Does my commercial building need a permit for electrical work?
Yes. All commercial electrical work in Ohio requires permits and inspection by the local authority having jurisdiction. Permitted work protects building owners during insurance claims, tenant disputes, and commercial real estate transactions. Work performed without permits creates significant liability exposure and can complicate building sales.
What is NECA and why does it matter for commercial electrical work?
NECA stands for the National Electrical Contractors Association – the leading trade association for the electrical contracting industry. NECA membership reflects a contractor’s commitment to industry standards, ongoing training, and professional practices. ANR Electric is a NECA member and has been serving commercial clients in Northeast Ohio since 2011.
How do I know if my commercial building needs a service upgrade vs. just circuit additions?
A licensed electrician calculates your facility’s total electrical demand versus your current service capacity. If your demand is approaching or exceeding your service rating – or if you’re planning significant equipment additions that would push it past capacity – a service upgrade is on the table. Circuit additions alone solve a different problem: distributing existing capacity to the right locations.

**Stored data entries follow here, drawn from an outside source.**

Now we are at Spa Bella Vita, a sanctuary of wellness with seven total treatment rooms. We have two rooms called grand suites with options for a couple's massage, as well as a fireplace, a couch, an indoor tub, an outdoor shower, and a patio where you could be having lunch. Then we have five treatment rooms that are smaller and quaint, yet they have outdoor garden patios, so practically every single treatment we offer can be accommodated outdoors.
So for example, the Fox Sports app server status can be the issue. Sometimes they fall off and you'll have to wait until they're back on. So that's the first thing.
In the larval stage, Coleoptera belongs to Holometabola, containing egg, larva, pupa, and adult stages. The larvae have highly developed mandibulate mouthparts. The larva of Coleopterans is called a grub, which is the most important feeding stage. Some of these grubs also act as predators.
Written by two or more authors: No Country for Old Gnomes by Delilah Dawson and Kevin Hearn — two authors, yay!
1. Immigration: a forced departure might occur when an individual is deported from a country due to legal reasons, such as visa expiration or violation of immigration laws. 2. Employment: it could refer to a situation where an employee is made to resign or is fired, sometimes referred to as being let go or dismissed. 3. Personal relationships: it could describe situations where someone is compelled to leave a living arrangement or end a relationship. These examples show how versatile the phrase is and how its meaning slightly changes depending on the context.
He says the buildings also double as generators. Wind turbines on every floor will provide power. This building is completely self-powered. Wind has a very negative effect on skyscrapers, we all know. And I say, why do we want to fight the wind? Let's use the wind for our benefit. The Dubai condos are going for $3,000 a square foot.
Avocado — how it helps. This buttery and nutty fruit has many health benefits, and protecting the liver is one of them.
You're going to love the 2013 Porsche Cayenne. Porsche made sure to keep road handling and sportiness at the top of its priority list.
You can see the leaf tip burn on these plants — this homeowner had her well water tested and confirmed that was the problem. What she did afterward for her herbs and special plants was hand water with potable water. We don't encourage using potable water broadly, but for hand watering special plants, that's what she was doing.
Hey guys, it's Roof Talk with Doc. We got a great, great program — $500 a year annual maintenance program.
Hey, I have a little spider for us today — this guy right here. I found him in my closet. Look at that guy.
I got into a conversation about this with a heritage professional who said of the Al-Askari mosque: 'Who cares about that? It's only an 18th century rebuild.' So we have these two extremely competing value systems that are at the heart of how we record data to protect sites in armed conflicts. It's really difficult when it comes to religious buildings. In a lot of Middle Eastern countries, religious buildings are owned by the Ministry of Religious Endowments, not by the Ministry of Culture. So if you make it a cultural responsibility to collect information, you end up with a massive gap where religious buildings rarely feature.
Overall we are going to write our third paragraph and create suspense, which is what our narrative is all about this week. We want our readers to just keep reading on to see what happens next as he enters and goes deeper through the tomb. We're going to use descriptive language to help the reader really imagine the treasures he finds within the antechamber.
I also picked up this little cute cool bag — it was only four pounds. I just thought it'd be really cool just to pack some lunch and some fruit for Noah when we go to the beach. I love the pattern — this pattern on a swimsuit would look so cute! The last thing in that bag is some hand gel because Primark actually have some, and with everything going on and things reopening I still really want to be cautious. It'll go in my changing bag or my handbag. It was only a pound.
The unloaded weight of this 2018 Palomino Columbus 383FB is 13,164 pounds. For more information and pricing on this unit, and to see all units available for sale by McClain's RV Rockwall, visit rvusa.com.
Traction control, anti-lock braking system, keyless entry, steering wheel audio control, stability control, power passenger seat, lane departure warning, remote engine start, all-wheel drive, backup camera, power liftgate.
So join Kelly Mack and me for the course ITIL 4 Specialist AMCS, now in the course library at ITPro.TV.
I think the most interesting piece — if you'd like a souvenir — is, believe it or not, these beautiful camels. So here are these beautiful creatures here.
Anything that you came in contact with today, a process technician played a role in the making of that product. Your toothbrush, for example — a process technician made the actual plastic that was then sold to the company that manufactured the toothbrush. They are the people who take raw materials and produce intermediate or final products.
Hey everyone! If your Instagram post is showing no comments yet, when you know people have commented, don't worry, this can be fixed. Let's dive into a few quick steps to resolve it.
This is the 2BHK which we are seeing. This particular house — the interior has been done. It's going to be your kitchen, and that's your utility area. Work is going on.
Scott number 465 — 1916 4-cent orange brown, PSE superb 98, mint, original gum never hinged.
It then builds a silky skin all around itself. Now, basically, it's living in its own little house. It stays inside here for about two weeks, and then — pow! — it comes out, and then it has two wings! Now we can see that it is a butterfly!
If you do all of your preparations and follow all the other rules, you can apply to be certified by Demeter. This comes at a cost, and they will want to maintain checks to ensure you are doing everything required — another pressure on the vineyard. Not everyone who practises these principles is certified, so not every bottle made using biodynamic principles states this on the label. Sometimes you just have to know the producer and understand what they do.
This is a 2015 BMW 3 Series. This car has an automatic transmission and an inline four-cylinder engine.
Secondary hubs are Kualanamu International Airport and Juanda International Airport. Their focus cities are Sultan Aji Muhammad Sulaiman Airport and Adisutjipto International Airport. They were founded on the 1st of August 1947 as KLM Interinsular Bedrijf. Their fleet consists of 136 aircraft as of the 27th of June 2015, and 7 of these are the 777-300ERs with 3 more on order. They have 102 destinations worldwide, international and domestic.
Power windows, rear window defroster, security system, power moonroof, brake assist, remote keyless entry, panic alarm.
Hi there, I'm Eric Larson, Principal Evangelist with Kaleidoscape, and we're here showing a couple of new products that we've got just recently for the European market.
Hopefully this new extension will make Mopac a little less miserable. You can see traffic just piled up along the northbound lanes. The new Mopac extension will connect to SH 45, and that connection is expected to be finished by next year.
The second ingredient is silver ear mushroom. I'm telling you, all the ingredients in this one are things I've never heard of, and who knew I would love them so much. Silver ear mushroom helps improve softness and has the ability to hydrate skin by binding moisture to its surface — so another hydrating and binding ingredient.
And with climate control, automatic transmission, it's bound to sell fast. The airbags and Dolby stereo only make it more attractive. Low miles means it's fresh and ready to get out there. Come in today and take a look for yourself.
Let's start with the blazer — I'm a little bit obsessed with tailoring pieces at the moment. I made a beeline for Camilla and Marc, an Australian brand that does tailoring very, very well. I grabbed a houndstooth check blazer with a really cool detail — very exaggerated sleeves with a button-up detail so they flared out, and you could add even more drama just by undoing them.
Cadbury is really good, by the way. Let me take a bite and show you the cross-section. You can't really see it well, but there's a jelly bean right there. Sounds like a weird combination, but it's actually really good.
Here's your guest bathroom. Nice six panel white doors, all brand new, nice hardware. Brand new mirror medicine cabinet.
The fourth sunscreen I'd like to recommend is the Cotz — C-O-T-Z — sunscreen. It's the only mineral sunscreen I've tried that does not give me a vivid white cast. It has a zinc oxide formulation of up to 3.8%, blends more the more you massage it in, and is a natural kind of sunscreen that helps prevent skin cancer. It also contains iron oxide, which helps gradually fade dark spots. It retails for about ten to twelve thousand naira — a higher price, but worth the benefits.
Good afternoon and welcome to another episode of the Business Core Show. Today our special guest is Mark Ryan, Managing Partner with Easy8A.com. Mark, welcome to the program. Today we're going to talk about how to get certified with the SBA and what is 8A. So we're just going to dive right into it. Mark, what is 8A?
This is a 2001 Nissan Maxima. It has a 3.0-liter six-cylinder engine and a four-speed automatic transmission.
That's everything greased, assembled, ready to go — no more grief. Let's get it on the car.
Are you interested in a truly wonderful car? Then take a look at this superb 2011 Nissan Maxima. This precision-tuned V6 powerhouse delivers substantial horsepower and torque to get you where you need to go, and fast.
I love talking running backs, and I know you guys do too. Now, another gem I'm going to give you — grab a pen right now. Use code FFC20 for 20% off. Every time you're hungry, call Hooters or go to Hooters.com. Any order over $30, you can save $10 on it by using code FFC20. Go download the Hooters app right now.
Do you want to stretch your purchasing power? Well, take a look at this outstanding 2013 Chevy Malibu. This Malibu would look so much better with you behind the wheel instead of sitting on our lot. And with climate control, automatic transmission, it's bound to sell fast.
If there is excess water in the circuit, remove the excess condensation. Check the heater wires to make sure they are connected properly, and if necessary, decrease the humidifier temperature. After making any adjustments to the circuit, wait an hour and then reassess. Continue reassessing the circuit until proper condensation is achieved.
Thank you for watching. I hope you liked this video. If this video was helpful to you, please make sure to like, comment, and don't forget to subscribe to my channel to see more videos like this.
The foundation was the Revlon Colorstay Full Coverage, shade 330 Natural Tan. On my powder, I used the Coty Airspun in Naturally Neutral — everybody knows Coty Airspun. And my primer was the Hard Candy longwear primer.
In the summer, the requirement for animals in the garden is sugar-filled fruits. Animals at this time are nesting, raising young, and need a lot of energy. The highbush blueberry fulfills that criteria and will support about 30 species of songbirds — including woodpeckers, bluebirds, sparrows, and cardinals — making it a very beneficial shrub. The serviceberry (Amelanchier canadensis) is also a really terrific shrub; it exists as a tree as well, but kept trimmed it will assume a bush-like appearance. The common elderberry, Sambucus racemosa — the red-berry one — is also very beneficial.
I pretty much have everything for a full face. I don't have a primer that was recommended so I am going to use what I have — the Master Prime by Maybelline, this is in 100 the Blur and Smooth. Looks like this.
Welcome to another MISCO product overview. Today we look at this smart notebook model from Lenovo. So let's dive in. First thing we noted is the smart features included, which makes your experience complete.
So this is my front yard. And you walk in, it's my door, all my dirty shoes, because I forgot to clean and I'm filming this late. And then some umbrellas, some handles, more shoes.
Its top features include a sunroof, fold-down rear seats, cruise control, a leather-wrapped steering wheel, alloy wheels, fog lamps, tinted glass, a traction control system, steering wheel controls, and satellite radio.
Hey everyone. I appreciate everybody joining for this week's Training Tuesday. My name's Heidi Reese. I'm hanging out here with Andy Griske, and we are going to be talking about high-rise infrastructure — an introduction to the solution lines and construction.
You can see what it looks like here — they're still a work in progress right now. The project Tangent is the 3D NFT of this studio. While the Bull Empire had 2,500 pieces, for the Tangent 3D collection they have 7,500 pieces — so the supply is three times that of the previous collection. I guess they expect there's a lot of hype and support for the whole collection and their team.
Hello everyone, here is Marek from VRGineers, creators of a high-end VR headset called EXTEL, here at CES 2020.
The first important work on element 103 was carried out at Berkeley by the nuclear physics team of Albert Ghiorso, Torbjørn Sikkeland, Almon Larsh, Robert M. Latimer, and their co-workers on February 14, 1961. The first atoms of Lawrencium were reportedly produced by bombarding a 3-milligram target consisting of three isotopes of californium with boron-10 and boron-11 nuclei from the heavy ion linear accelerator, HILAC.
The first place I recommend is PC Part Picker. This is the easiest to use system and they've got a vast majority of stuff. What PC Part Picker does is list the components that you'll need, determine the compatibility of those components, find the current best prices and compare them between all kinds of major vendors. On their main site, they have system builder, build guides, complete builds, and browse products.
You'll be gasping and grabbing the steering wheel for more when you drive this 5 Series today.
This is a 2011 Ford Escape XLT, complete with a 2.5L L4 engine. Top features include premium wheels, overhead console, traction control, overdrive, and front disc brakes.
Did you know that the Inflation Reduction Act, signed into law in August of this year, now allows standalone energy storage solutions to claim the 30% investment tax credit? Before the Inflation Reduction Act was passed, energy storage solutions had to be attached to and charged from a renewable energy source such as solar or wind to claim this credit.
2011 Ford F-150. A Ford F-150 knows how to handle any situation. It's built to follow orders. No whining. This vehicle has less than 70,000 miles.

Can aging commercial wiring be a fire hazard?
Yes. Deteriorated insulation, loose connections at termination points, overloaded circuits, and improperly modified wiring are all documented fire causes in commercial buildings. The NFPA consistently identifies electrical failures as among the leading causes of commercial structure fires. A formal inspection is the only reliable way to assess the condition of wiring that’s largely hidden from view.